One of the benefits of ethical investing is that it recognises most peoples’ values are not secondary to their financial goals. While they’re going to make a lot of decisions which are driven by financial considerations, there are other things that are important to them too – whether it’s family, local community or the environment. Ethical investing recognises that when you embed these ideas into an investment process it can be very powerful.
The Australian Ethical Charter has 23 principles that have governed our investment process since Australian Ethical was established over 30 years ago. The Charter provides the rationale for our approach to positive and negative screening of different companies and sectors.
In addition to investment screening, one of the ways ethical investors can use their influence is by advocating for change. This is often called ‘investor advocacy’ or ‘investor engagement’. This could be achieved by talking to companies, the public or governments. It could be trying to get companies to do a better job of managing their impacts, or it could be with government to get them to do a better job of introducing policy which is going to drive positive change across the economy and society. One good example in Australia is climate policy.
UK economist Kate Raworth has developed a really useful concept in her book Doughnut Economics. Her idea is captured in the image below. It’s a good way to think about the holistic way we approach investing at Australian Ethical. It’s not about picking out one or two negative screens and a small number of positive screens, which is an approach adopted by more narrowly focused funds. We think a holistic approach is important. If we are going to build a better future we need to think about two elements: the environmental constraints on the outside of the ‘doughnut’ and the social foundations in the middle.
The outside of the doughnut includes things like land-use change, climate change and freshwater use. These are the environmental constraints or the ‘ecological ceiling’ that we’re bumping up against as we consume more and as the population grows. We need to make sure that we’re investing in a way which doesn’t break through that ceiling and results, for example, in runaway climate change.
In the middle are the social foundations. This is the people element of ethical investing: how we ensure that peoples’ basic needs are being met when it comes to food, health, water, and so on. How do our investments contribute to equality of opportunity and strong education options to provide those opportunities? We think it’s important to think about these things when making investment choices from a values perspective.
A loud and credible voice
Investors have a really powerful voice – both with companies and with government – because they’re not special interest groups. Superannuation funds invest right across the economy and they are long-term investors. If there’s a particular sector which basically is going to disrupt and cause volatility in investment markets and society in the longer term, then that’s going to be an area that we want to stay away from – irrespective of whether there might be short-term revenue opportunities in that sector.
Sometimes investor influence is best exercised privately, but there will also be times when a loud, critical public voice is more powerful. Sadly, most institutional investors are reluctant to speak publicly about irresponsible business or unsustainable public policy. Super funds must find their voice. It is important that companies and governments hear them, because they control trillions of investable dollars. But voters also need to hear them because super funds can bring a credible and distinctive perspective to public debate: that of an investor with long term interests and obligations across society and the economy. This offers a powerful counterpoint to the voices of companies and civil society groups which are often narrowly focused.
Too often investors play a passive role, reacting to the world as it is. This isn’t good enough. Investors have the power to shape the future, and superannuation funds in particular have a responsibility to help create social, environmental and economic conditions which benefit current and future generations of people, animals and the planet. There are three main tools super funds have at their disposal:
- Shifting capital: Super funds can shift capital to where it’s needed by directing their investment towards positive businesses and away from businesses causing unnecessary harm. For example: They have a crucial role to play in funding the transition to a clean and low warming world by divesting from fossil fuels and investing in renewables, energy storage and energy efficient technologies.

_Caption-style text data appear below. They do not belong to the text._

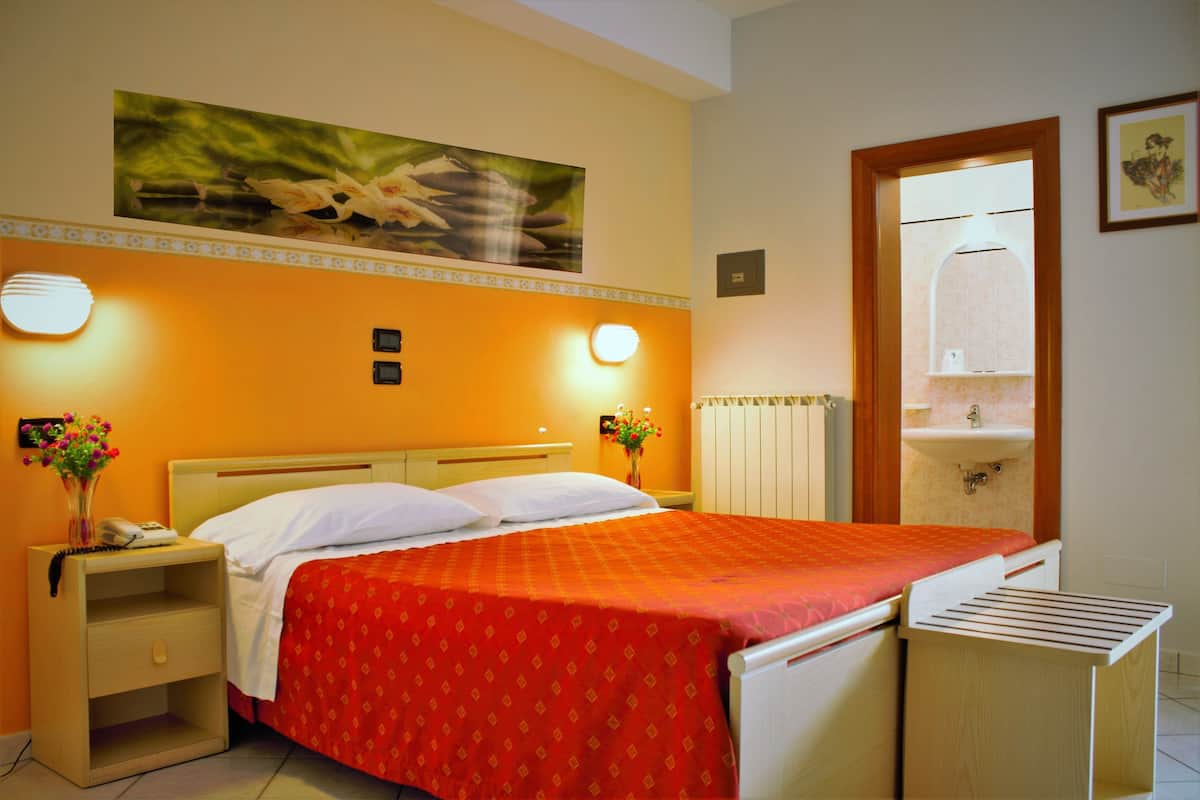 Una habitación de hotel con cama, mesita de noche y un cuadro en la pared.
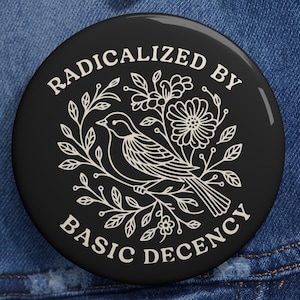 Może przedstawiać: Czarny guzik z białym napisem "RADICALIZED BY BASIC DECENCY", otaczającym białą ilustrację ptaka i kwiatów. Guzik jest umieszczony na niebieskiej kurtce dżinsowej.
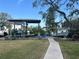 Lush backyard with a covered boat dock and lift providing easy water access and storage at 2632 S Dundee St, Tampa, FL 33629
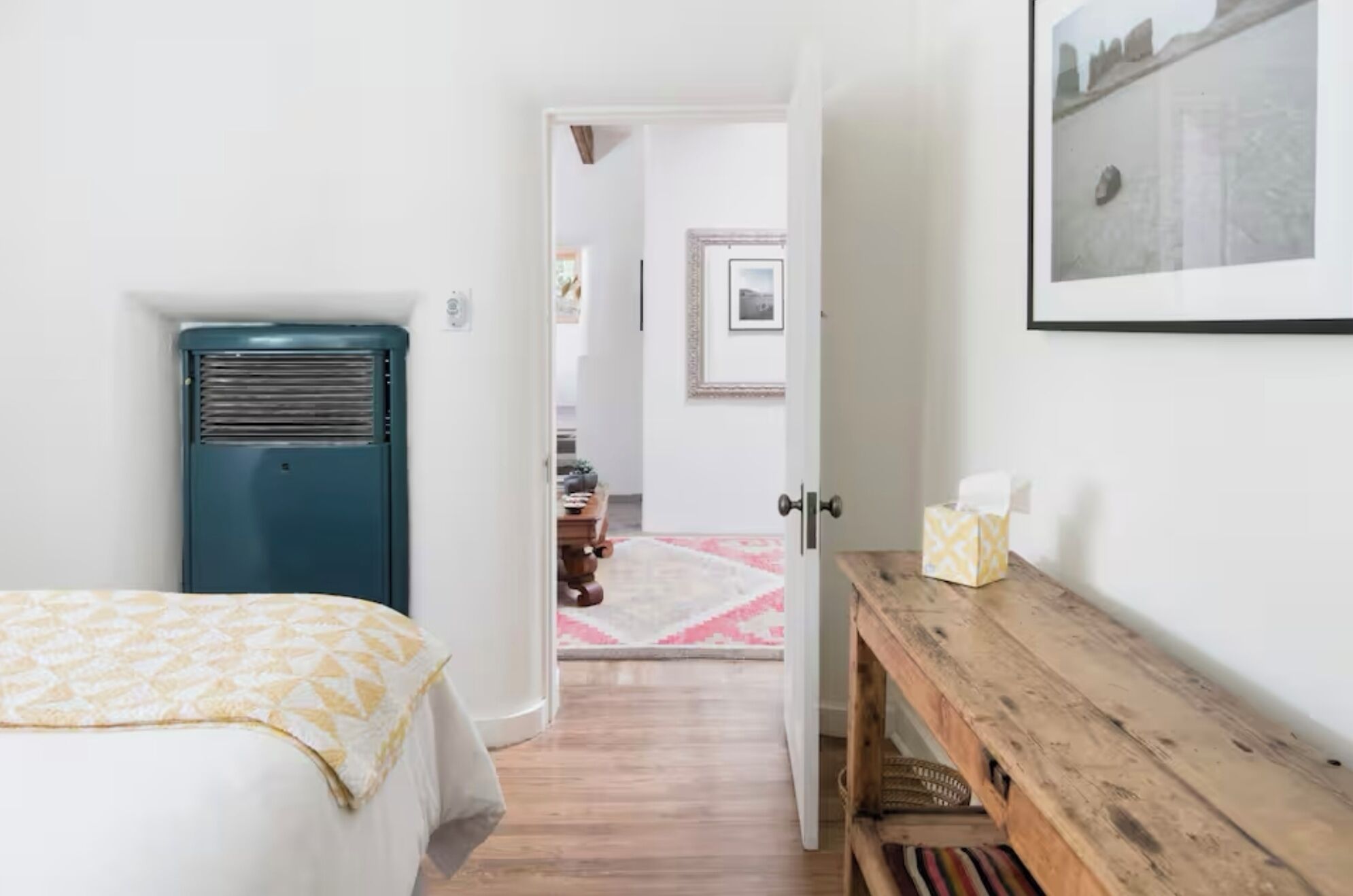 Un dormitori amb un llit, una banca de fusta, un radiador i una porta que dona a una altra habitació.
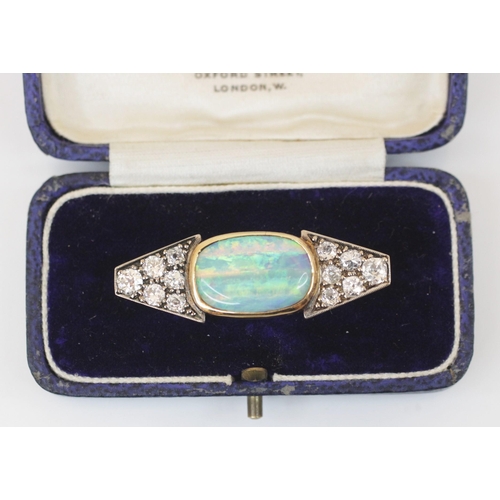 182 - An Art Deco precious opal and diamond brooch, the central cabochon opal (weight estimated 5.60carats... 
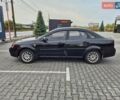 Черный Шевроле Лачетти, объемом двигателя 1.6 л и пробегом 380 тыс. км за 3990 $, фото 5 на Automoto.ua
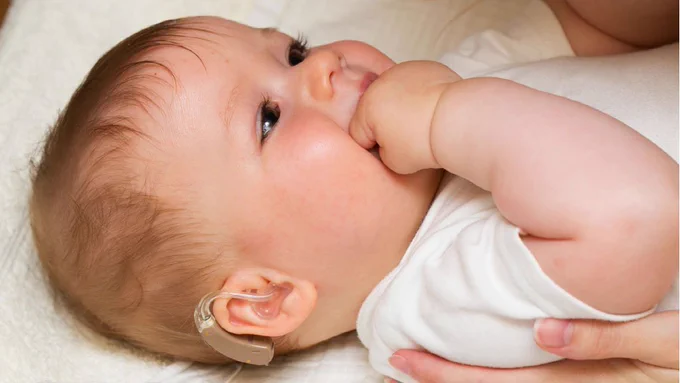 Baby boy with hearing aid.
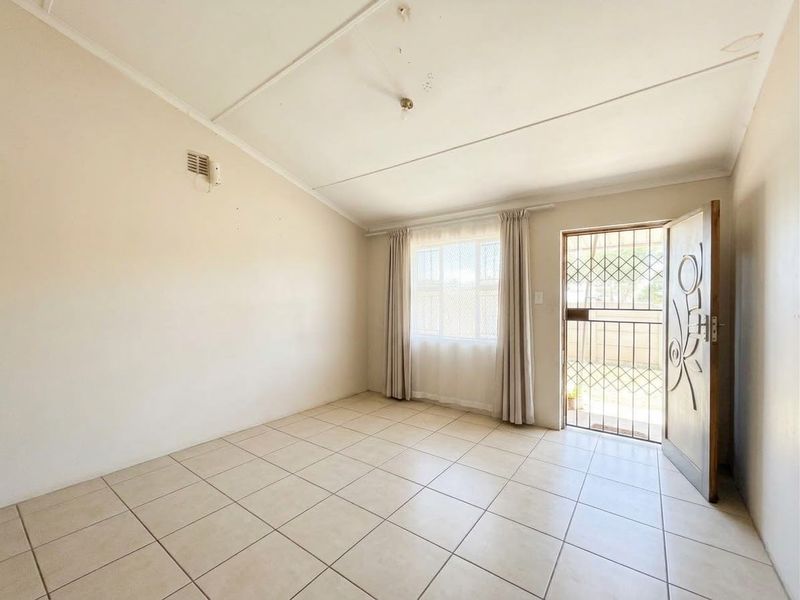 An empty living room featuring tiled flooring, a security gate at the entrance, and a window, providing a blank canvas for potential updates.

- Shifting companies: Super funds appoint directors and vote on executive remuneration. They can exercise enormous positive influence over boards and management to cause companies to better manage their social and environmental impacts.
- Shifting government: Super funds sit close to the levers of power. They can influence government to develop and implement policy in the long-term interests of society and the economy.
The super industry needs to stop debating the relative merits of these different tools and use them all much more vigorously. They are all powerful mechanisms for change, and they often reinforce each other. A company is much more likely to respond to investor pressure to stop harming people or the environment if they see shareholders divesting and looming government regulation. For all the power of enlightened self-interest, super funds must also act as agents of change because it’s the right thing to do.
This is an edited transcript of a talk by Australian Ethical’s Head of Ethics Research Stuart Palmer.